While peppy Girl Power feminism continues to reign supreme in marketing and corporate PR, pop music has seen the rise of more diverse and complex female voices in the form of Billie Eilish, Grimes, Sia, Lorde, FKA Twigs and Janelle Monaé and others. I would call Beyoncé’s 2016 hit Formation a watershed moment because it marked an established pop role model’s move away from mass-appealing feel-good feminism to politically potent black feminism. Her 2018 collaboration Apeshit with her husband Jay-Z was a beautiful follow-up (unsurprisingly, the two releases received more backlash from conservative America than anything she had done before). Del Rey herself spoke of pop culture’s “major sonic shift” toward more complex themes and sounds already in 2017.
In other areas of pop culture, complex and even unlikable female characters from Annaliese Keating to Harley Quinn to Fleabag to the ladies of Orange Is The New Black are having a full-on moment. Post-Me Too literary phenomena like The New Yorker‘s Cat Person and Lisa Taddeo‘s Three Women have explored the subtlety of women’s desire and consent under the patriarchy. Hell, even Disney almost gave us a gay princess. Though there is always more work to be done, sometimes I can’t believe the difference just a few years have made. (Thus spoke the millennial elder.)
When our deepest fears and wildest fantasies enter the public domain, things that would once scandalize us will acquire new meanings.
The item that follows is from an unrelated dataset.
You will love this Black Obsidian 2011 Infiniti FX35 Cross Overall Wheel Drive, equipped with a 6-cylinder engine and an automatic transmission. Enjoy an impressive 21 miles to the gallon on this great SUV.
Norman Fucking Rockwell! won the title of the best album of 2019 from several major music publications not in spite but because of its soft and sentimental beauty laced with an invigorating dose of snark.
The album imagines a world where we can be lovers, not fighters. It knows there’s always danger in trusting another person, especially if that person happens to be a strapping fellow: he might hurt you (Cinnamon Girl) or turn out to be an actual serial killer (Happiness Is A Butterfly). It remains agnostic about the possibility of a happy ending, but at the end of the day, it’s more afraid of not playing than losing.